The Architect of Voids, 2019-2020, Acrylic on canvas, 50″ x 60″

ARCHITECTURE OF VOIDS

Feb 20 - Apr 4, 2020

Opening: Feb 20, 6 p.m. - 8 p.m.

Georgia Scherman Projects presents an exhibition of new paintings by Melanie Authier. Architecture of Voids, generously hosted at Division Gallery, Montreal.

Melanie Authier’s paintings careen between chroma and form, pulling us into an immersive space where nothing is static, and the only constant is contrariety. Treating the canvas as a mnemonic record of movement, Authier stands her perpetual play of painterly oppositions on its head, charging various polarities into action, and illuminating the point of its pivot. Architecture of Voids lurches between synthetic and organic form, technological and natural eruption; meanwhile Authier plumbs geological depths and ascends to heavenly atmospheres. Between these various poles, she wields a masterful agitation, especially among her perspectival planes.
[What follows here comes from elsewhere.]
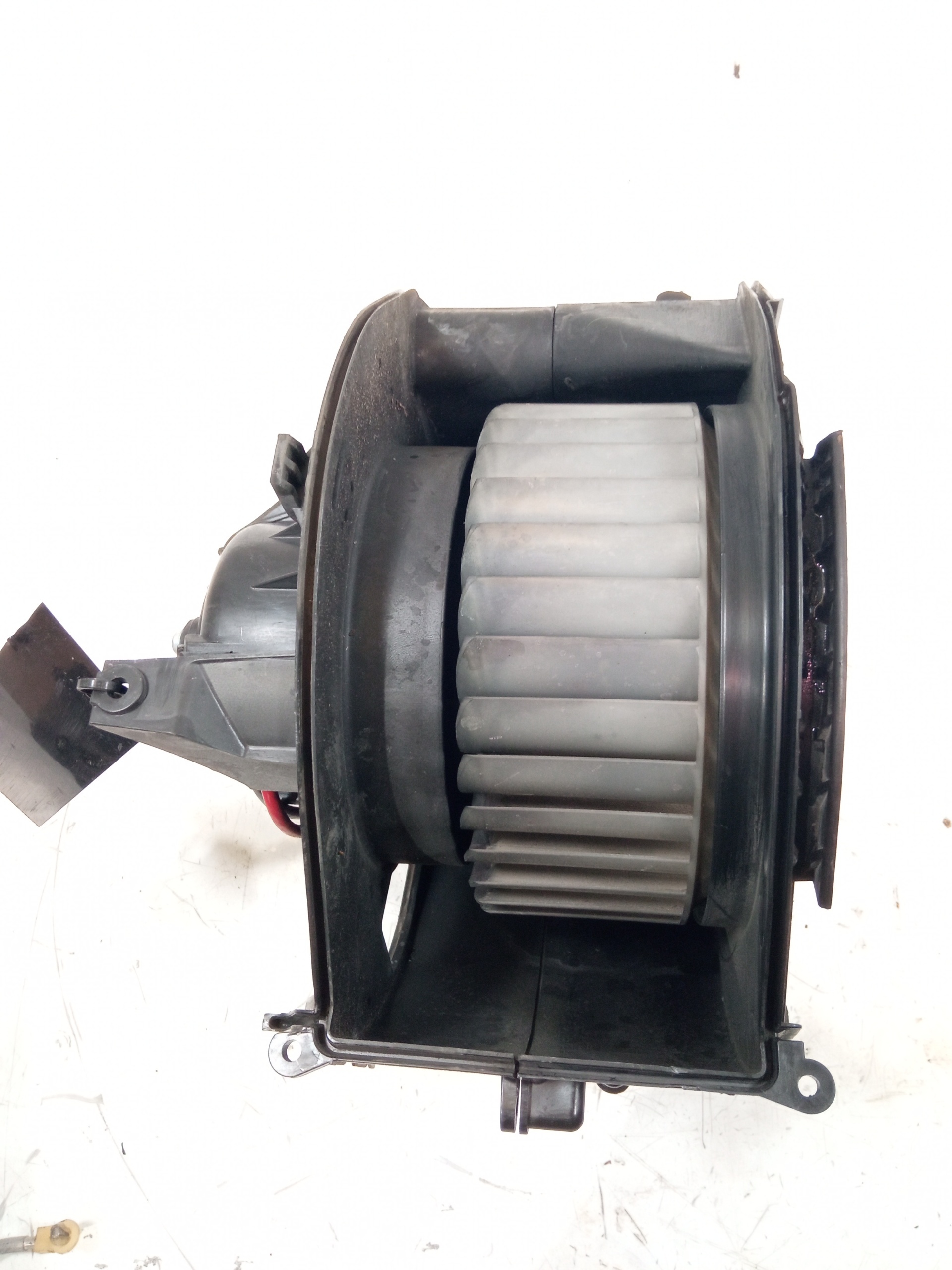 AUDI A6 C6/4F (2004-2011) Motor încălzitor interior 4F0820521A, 2PINES 24959153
She stokes our fathomage of where the canvas can take us. 

Growing out of her past examinations with the dialectical baroque, Authier shifts into a more subdued approach to color, accentuating the open passages of light-strewn atmosphere. Forever rooting into the brush, each painting “sets up a problem,” with Authier working through the possibility of irresolution as her response. As such, her work churns up art’s freighted histories, as she shifts her weight between chaos and control. 

In accompaniment to Authier’s seven-gallery touring exhibition Contrarities and Counterpoints (2016-18), a catalogue essay by Sky Goodden describes the painter’s axle between exterior and interior, as well as her paintings’ roiling sympathies, elasticities, and their “willing loss of form.” Goodden writes, “She produces romantic gesture, unlikely light, allaying cimmerian weight, and then crashing forms, sinking comment into vortex, erupting color from the deep.”

Authier’s canvases bring viewers into a caterwaul of form, but also of competing histories. Citing High Modernist Abstraction in both her hard-edge and gestural painting, she positions herself at the interstices of a visual contradiction. By taking advantage of the possibilities of paint to function both as surface and space, she assigns marks their own degree of legibility as they go discovered along the spectrum between abstraction and representation. “My work references and, at times, wrestles with the after-burn of painting’s past, art history with a capital ‘A’,” she reflects. “So my preoccupying question is, ‘Where do we go from here?’”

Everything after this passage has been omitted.